• [Try it] Output exactly the lines from the line that has "立ち耳ヒアルロン酸症例写真の症例写真" through the last line of the data below, with no pictures.

• [Input data]
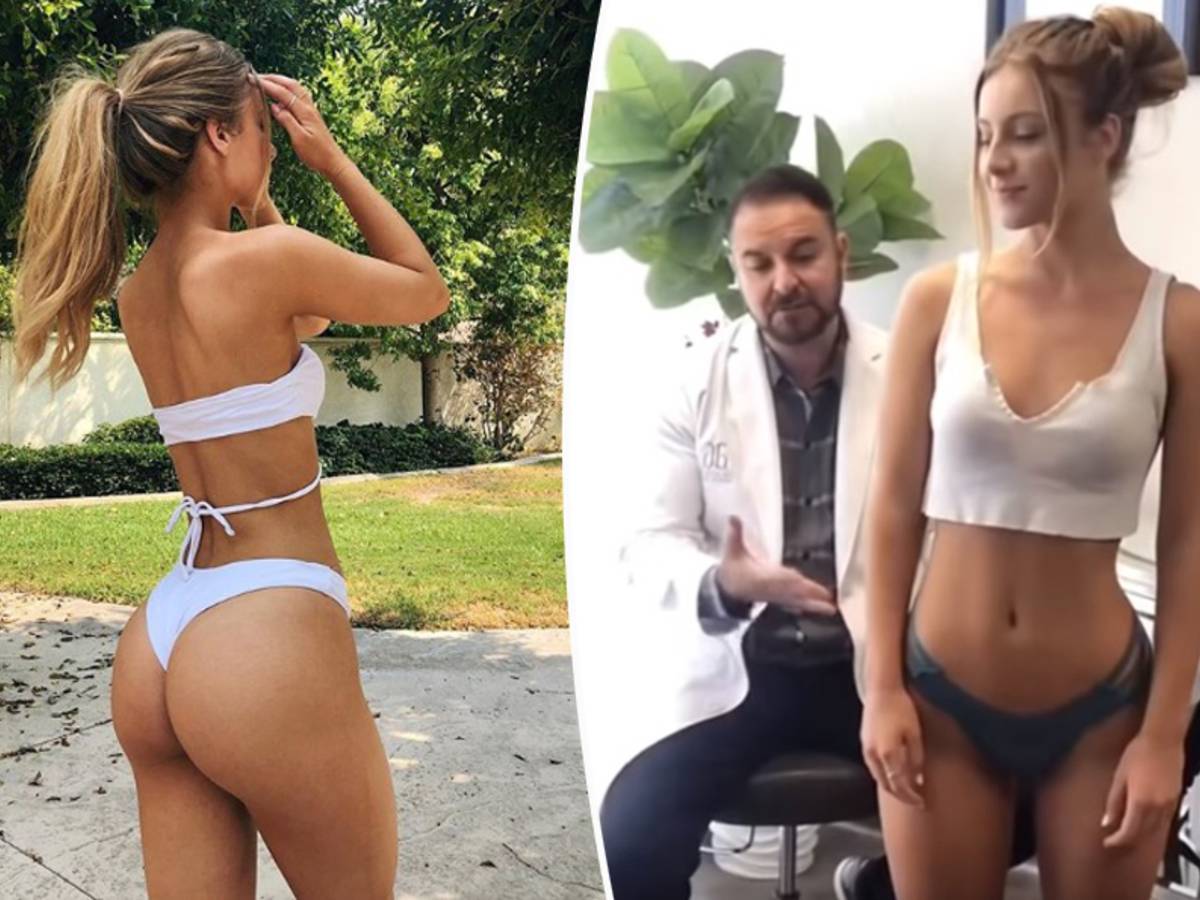 VIDEO. Instagrammodel krijgt constant verwijt dat billen niet echt zijn.  Dokter velt nu zijn oordeel | Buitenland | hln.be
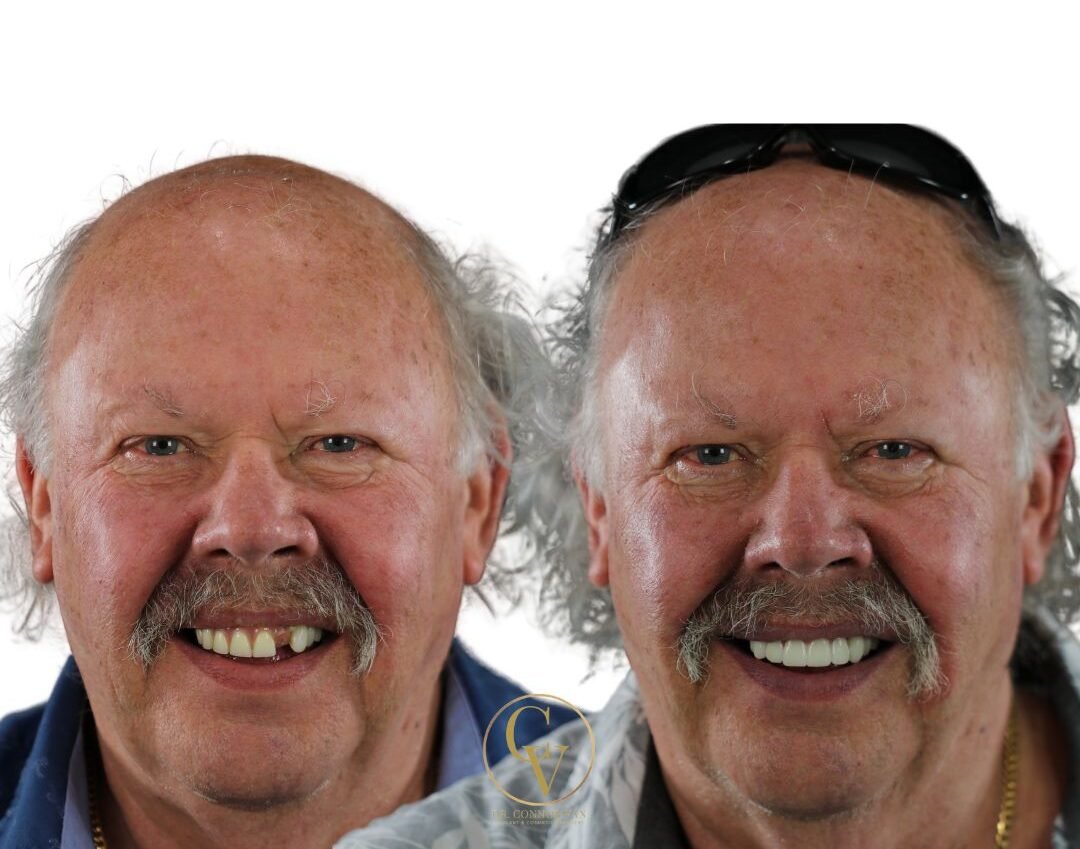 DeLand Dental Implant Before and After 5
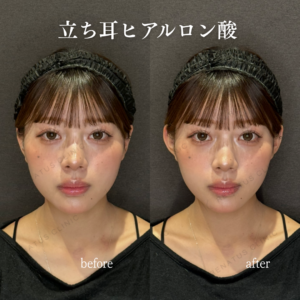 立ち耳ヒアルロン酸症例写真の症例写真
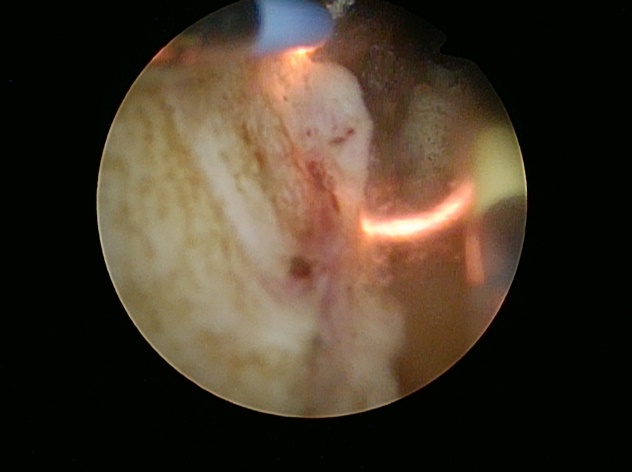 実際の切除中のループ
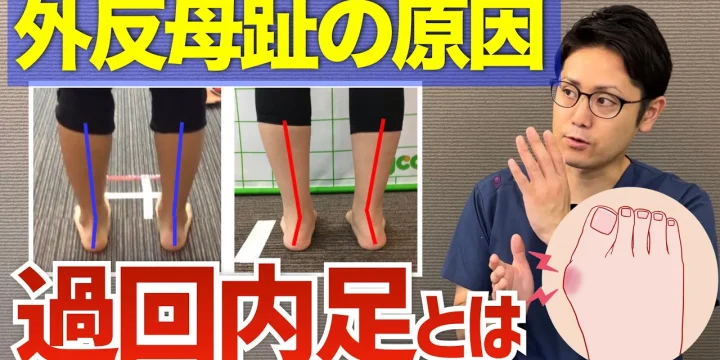 【外反母趾の原因は足首にあった】過回内足の治し方について　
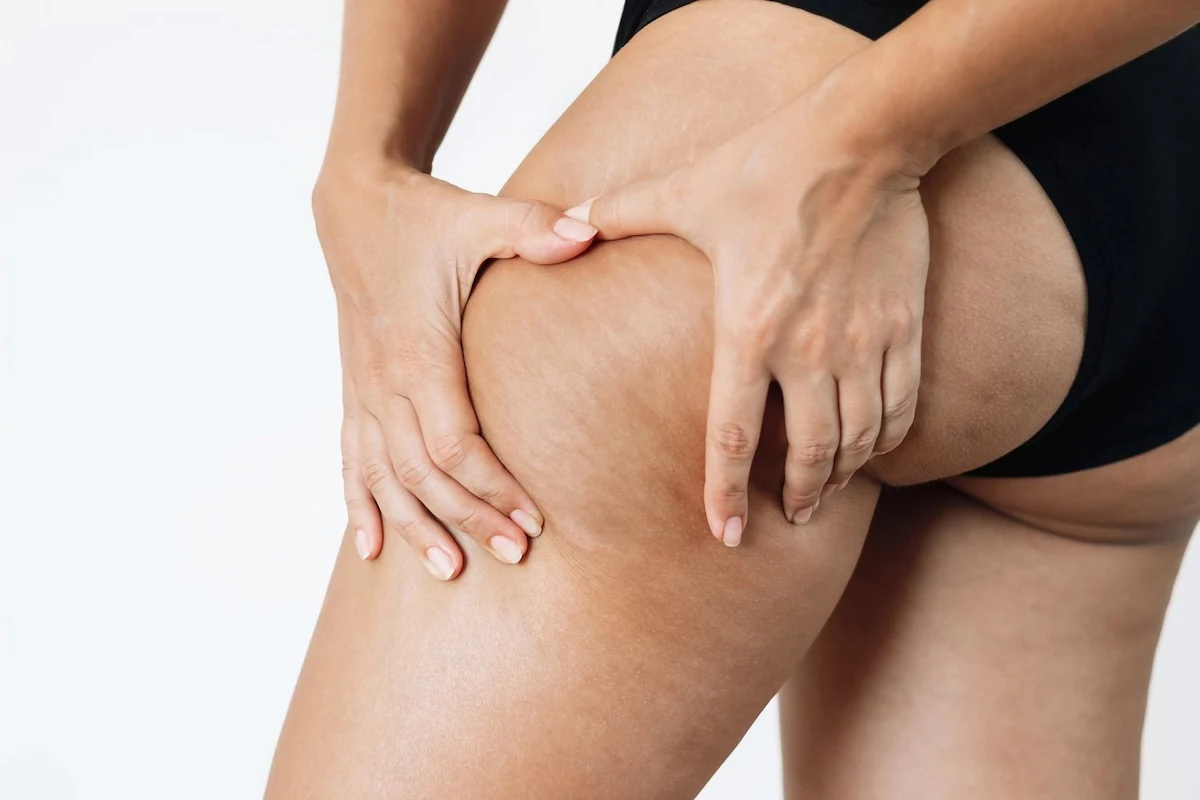woman touching cellulite on thighs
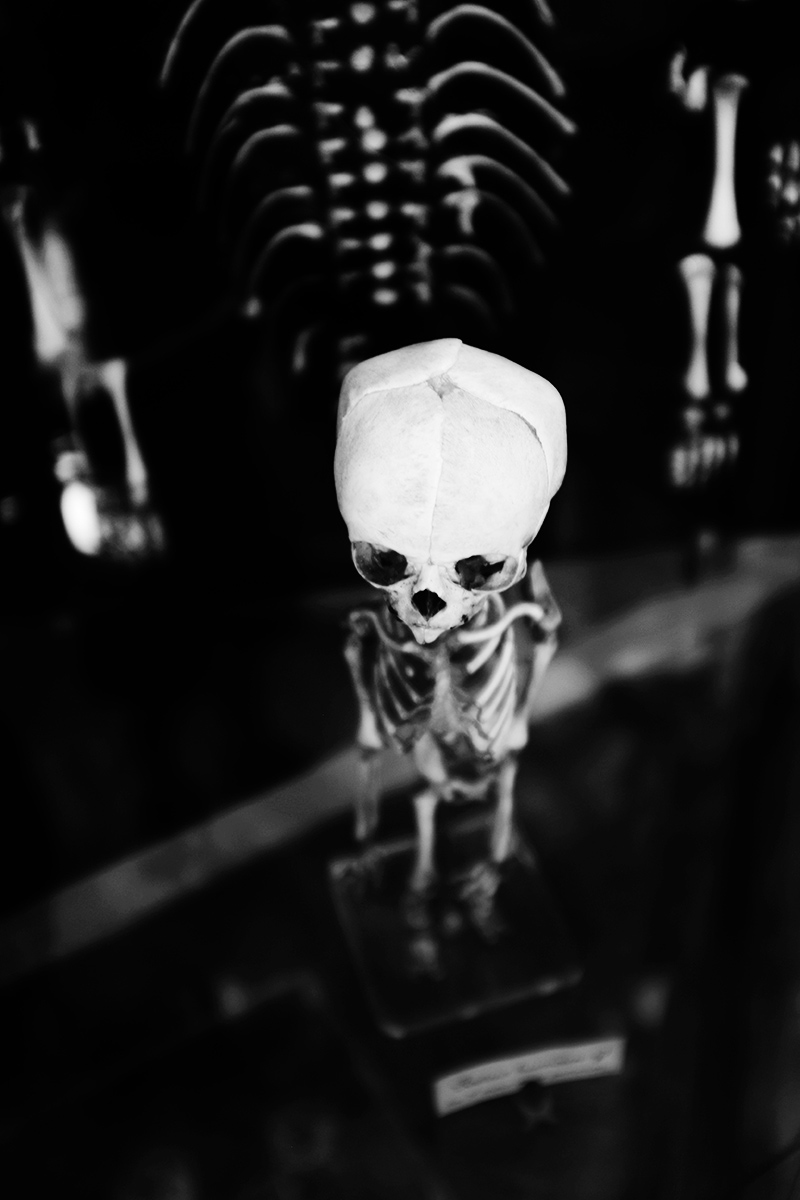 Foetal Skeletons by Laurent Orseau #1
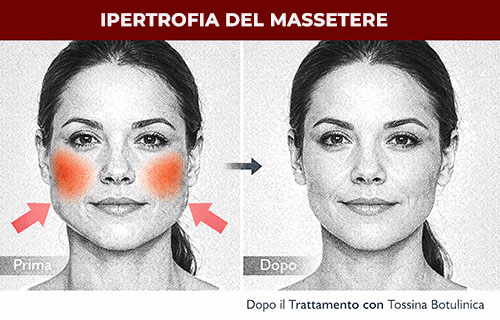 Confronto prima e dopo del trattamento dell'ipertrofia del massetere con tossina botulinica a Bologna presso la clinica Marenco.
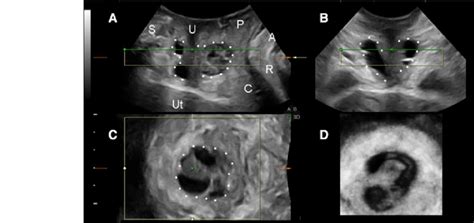 Urethral Diverticulum Ultrasound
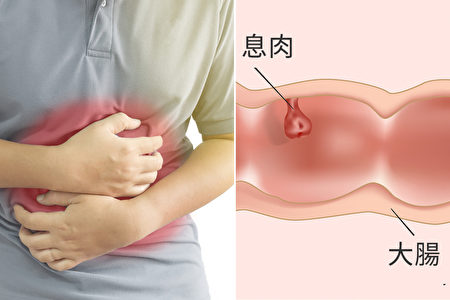 大腸息肉會癌變 專家: 護腸防癌必吃2類食物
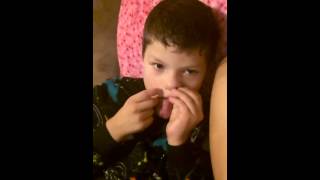 Angelman Syndrome  Constantly rubbing his face  side effects [upl. by Summons]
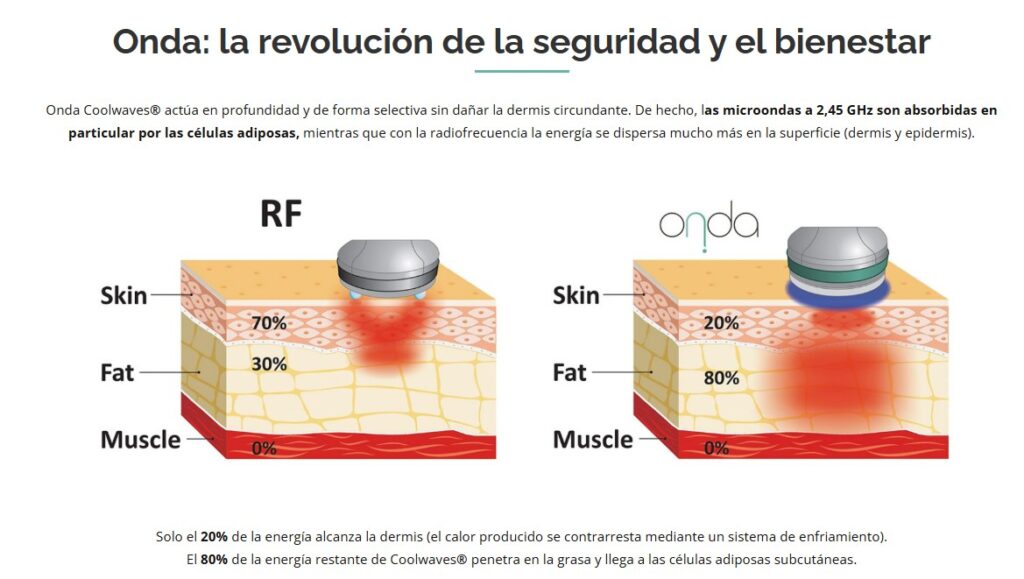 Onda Coolwaves® actúa en profundidad y de forma selectiva sin dañar la dermis circundante. De hecho, las microondas a 2,45 GHz son absorbidas en particular por las células adiposas, mientras que con la radiofrecuencia la energía se dispersa mucho más en la superficie (dermis y epidermis).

• [Answer to the exercise]
 立ち耳ヒアルロン酸症例写真の症例写真
 実際の切除中のループ
 【外反母趾の原因は足首にあった】過回内足の治し方について　
woman touching cellulite on thighs
 Foetal Skeletons by Laurent Orseau #1
 Confronto prima e dopo del trattamento dell'ipertrofia del massetere con tossina botulinica a Bologna presso la clinica Marenco.
 Urethral Diverticulum Ultrasound
 大腸息肉會癌變 專家: 護腸防癌必吃2類食物
 Angelman Syndrome  Constantly rubbing his face  side effects [upl. by Summons]
 Onda Coolwaves® actúa en profundidad y de forma selectiva sin dañar la dermis circundante. De hecho, las microondas a 2,45 GHz son absorbidas en particular por las células adiposas, mientras que con la radiofrecuencia la energía se dispersa mucho más en la superficie (dermis y epidermis).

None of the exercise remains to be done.